А Хейрия стояла рядом, и, хотя ей было страшно, она бросилась к Камалю сразу, как только тот поднял руку, и вцепилась в нее.

Но он, резко дернув локтем вниз, освободил запястье и как следует крутанул Хейрию.

— А ну вон отсюда, не то… — приказал он ей, выпучив глаза.

Отступив, она прислонилась к стене, но из комнаты не вышла.

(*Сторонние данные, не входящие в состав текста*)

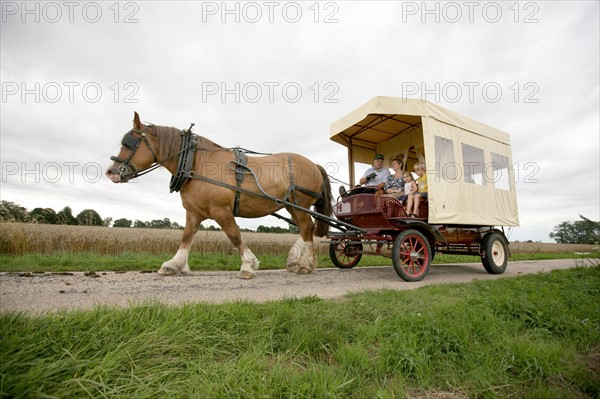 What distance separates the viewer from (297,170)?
5340mm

И обе женщины в изумлении услышали, как он заговорил словно бы издалека, странным бесцветным голосом:

— Я тебе не верю и никогда не поверю, мамуля. Только сумасшедший может верить матери! Матери способны на любое предательство, они ставят себя выше — или ниже — любых обстоятельств, потому что верят только в свою правоту, в то, что никто не смеет посягать на их материнское достоинство, никто не может ни в чем их упрекнуть и все, что они ни сделают, хорошо и прекрасно. Слава тем, кто выше или ниже того, чтобы совершать ошибки, испытывать стыд, но на чьих сыновей весь стыд и падает. К несчастью, только тот, кто перед тобой, никак не услышит правду своими ушами. Это вероломно! И ты еще не покончила с ним!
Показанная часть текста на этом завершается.